Scene Interaction Tasks:
| Task | Metric | OSU-3DSG | GPT-4o | Gemini | ChatGLM |
|---|---|---|---|---|---|
| Scene QA | Accuracy | 0.84 | 0.82 | 0.80 | 0.72 |
| Task Planning | Correctness | 87.5% | 72.9% | 65.4% | 58.7% |
| Task Planning | Executability | 81.25% | 78.2% | 69.8% | 62.3% |
Ablation Study¶
Filtering Strategy in Semantic Relation Extraction (SRE):
| IoU | Distance | # Triplets | Predicate R@1 | Relation R@1 | Notes |
|---|---|---|---|---|---|
| ✗ | ✗ | 291 | 0.95 | 0.94 | No filtering; high computational cost |
| ✔ | ✗ | 30 | 0.76 | 0.83 | IoU-only filtering insufficient |
| ✗ | ✔ | 11 | 0.85 | 0.75 | Distance-only filtering; too few triplets |
| ✔ | ✔ | 34 | 0.87 | 0.78 | Best balance |
Jointly applying IoU and distance constraints reduces candidate triplets to 34, maintaining high recall while substantially reducing VLM inference cost.
Key Findings¶
- Zero-shot scene graph generation can match or exceed supervised methods in predicate prediction performance.
- Retrieval-augmented reasoning outperforms GPT-4o on scene QA, demonstrating the value of structured scene knowledge.
- Best-view selection is critical for object recognition accuracy.

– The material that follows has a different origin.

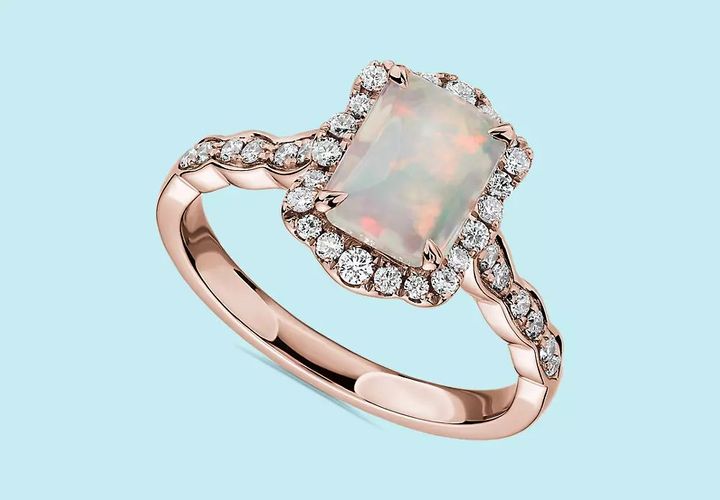An emerald cut opal engagement ring accented with with floral diamond halo and rose gold setting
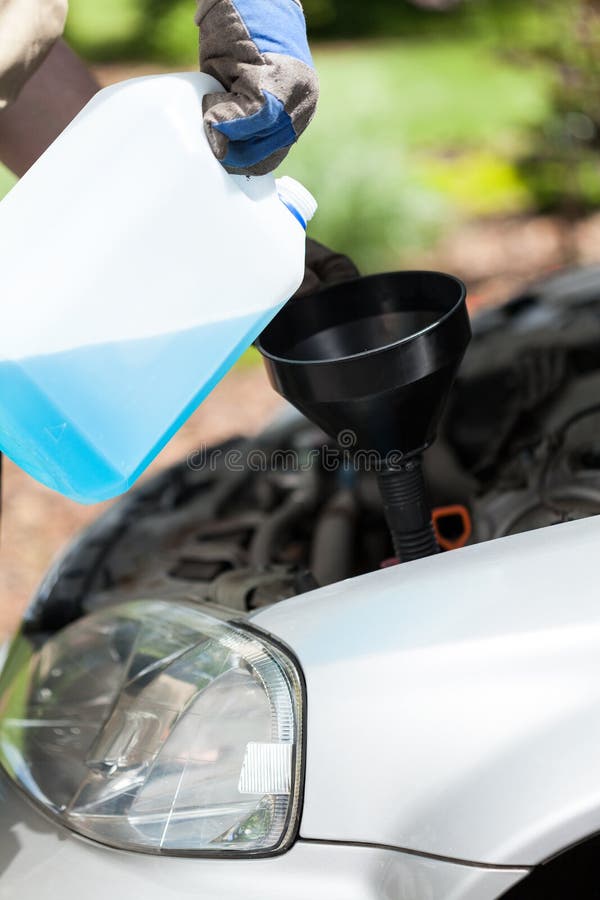 Man Pouring Liquid from Plastic Canister into Car Washer Fluid Reservoir, C  Stock Image - Image of canister, motor: 154937505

- The fixed distance threshold (0.5m) may not be suitable for all scene densities and object scales.
Highlights & Insights¶
- Unified open-world 3D understanding framework: Integrates scene graph generation and multimodal reasoning into a coherent system spanning the full pipeline from perception to planning.
- Zero-shot outperforms supervised: Leveraging large-scale VLM knowledge, the method surpasses fully supervised approaches in predicate prediction, demonstrating the significant potential of VLM zero-shot capabilities.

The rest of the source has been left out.